Exercise prompt: Output all of the data exactly as it appears, but leave out any pictures it contains.

The data:

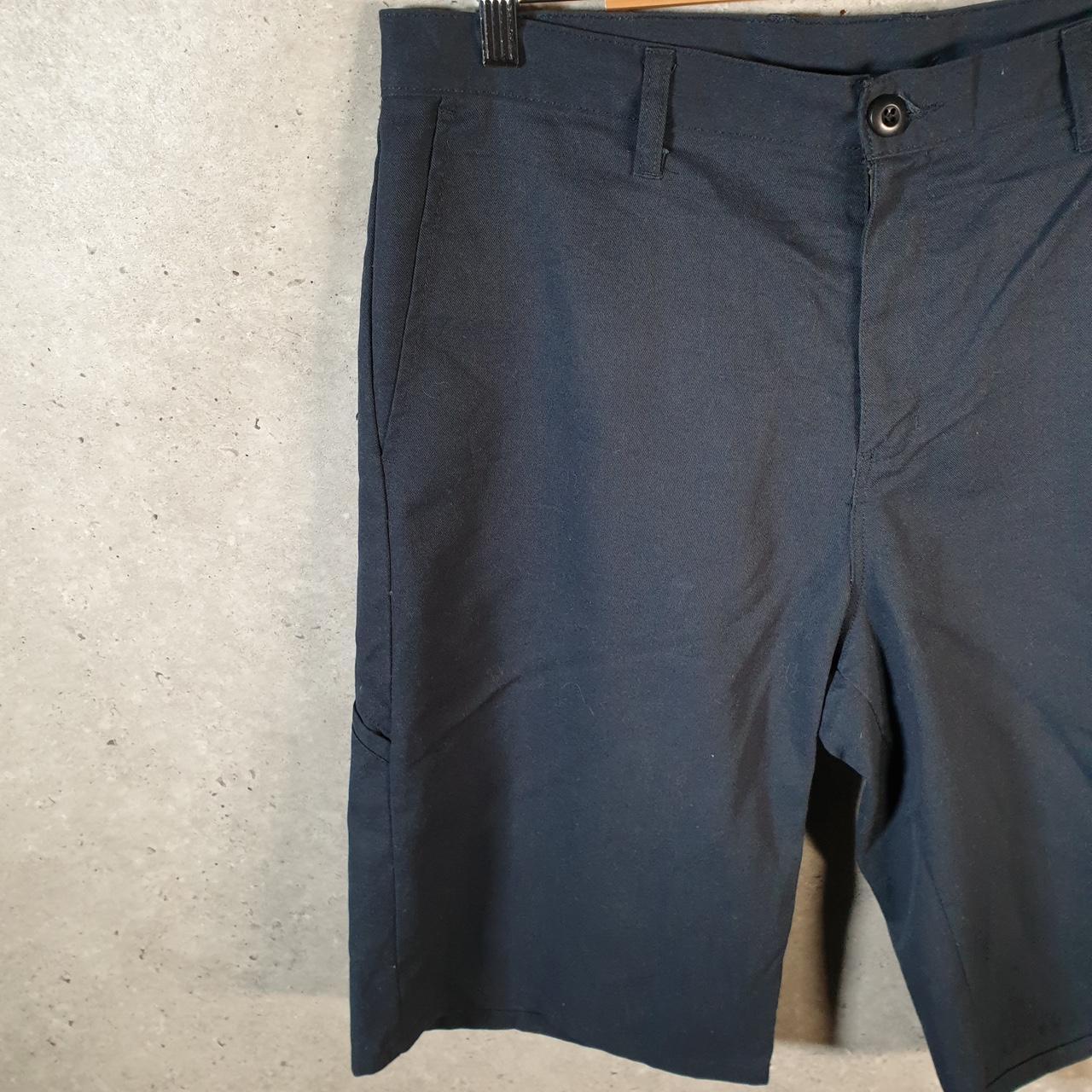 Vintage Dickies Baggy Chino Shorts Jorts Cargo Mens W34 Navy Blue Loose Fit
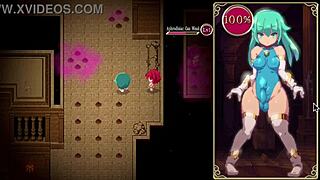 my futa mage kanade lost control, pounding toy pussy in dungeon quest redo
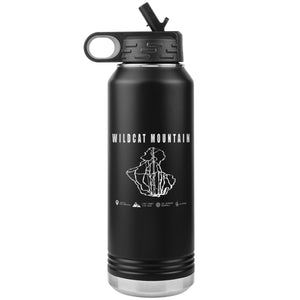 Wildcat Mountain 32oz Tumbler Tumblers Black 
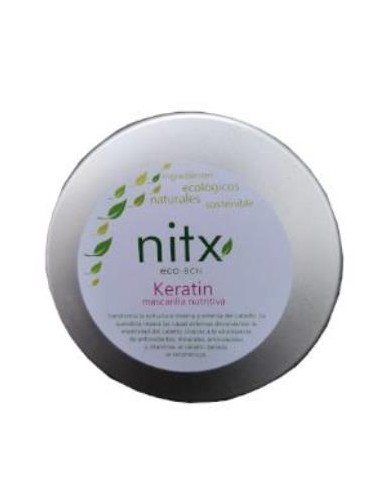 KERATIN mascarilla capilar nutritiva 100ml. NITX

Reply:
 Vintage Dickies Baggy Chino Shorts Jorts Cargo Mens W34 Navy Blue Loose Fit
 my futa mage kanade lost control, pounding toy pussy in dungeon quest redo
 Wildcat Mountain 32oz Tumbler Tumblers Black 
 KERATIN mascarilla capilar nutritiva 100ml. NITX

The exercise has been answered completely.